I have been struggling with my disease. It seems to consume most of my thoughts and energy lately. I look at this picture of me in the wheelchair and I never ever want to be her again. I strive everyday to keep moving. I try to do more today than I did yesterday. I just feel beat down and I do not ever want to be a burden on anyone. I feel pain on a level daily and hourly that the average human being could not begin to bear. I try and mask it, I try and make it mind over matter, but damn everyone has a breaking point. I am used to taking my treatment and being down for 24 hrs and then rocking on... Since January I have been struggling. We have changed my treatment plan 3 times, we have changed pain medications that just made me sick... I cry myself to sleep every night. I struggle to walk for hours when I awake. I sometimes think if I could just feel a different pain then I could be ok for another day... I try very hard not to act on those behaviors.

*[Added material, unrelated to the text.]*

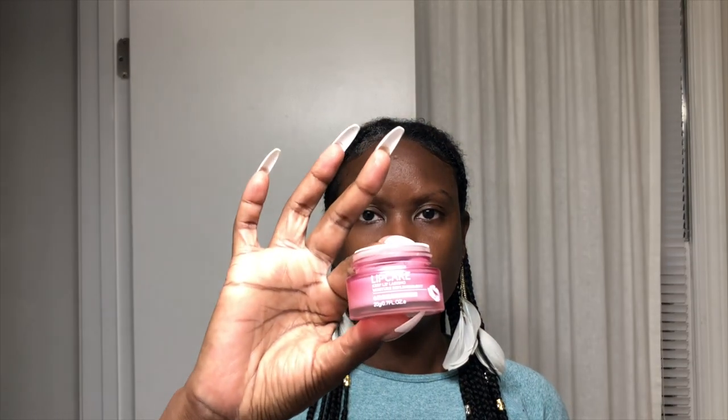I follow that up with a vitamin E lip mask. Vitamin E is good for the lips because it boosts circulation and it also may help generate new skin cells, making the lips softer. Skincare applies to any area of your face and body that's covered in skin, including the lips. Incorporate a lip routine into your skincare routine, smileys.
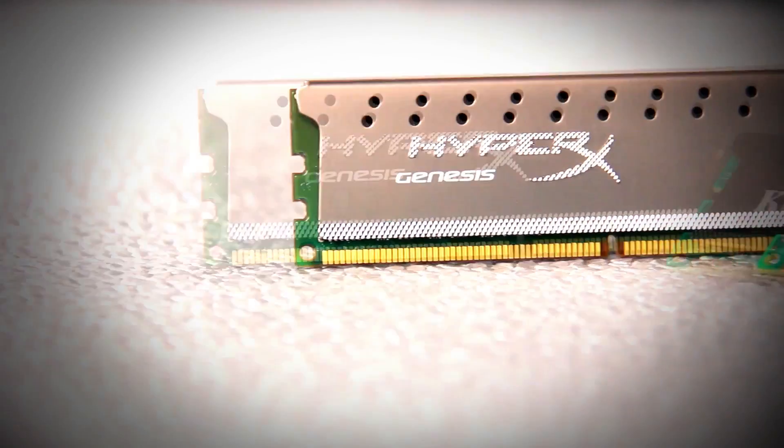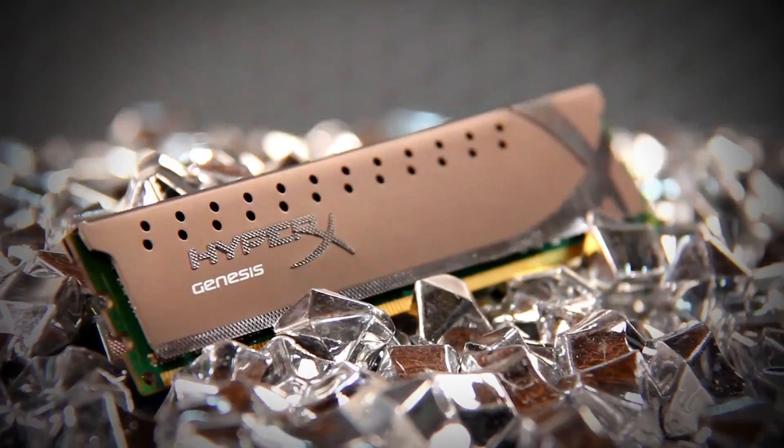Under the Genesis memory line, HyperX plug-and-play lets you get up and running right away with auto-overclock speeds up to 1866 MHz for desktops and 2133 MHz for notebooks.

I was diagnosed with Sjargen's Syndrome another auto immune disorder that affects the eyes and also contributes to joint pain and fatigue, as if I did not already have enough of that already... Today I met with the Rheumy Dr. I have ran out of medications. I have done them all. I have nowhere to go as of right now. I am agreeing to continue the treatment I am on for now, or at least for the next 8 weeks. The dr. says that it takes a while to respond. I am trying to keep an open mind... I have been told I am stubborn, that I am not the Dr. I get all that. I do. However, at the end of the day it's my body and my future that is at stake. I am not in that damn wheelchair anymore because I did n't settle when they told me at Emory that they couldn't do anything else for me. What if I had just said, ok... Id still be in that chair. I will not go back to that. Today I claim that there is an answer and I claim that I will find it.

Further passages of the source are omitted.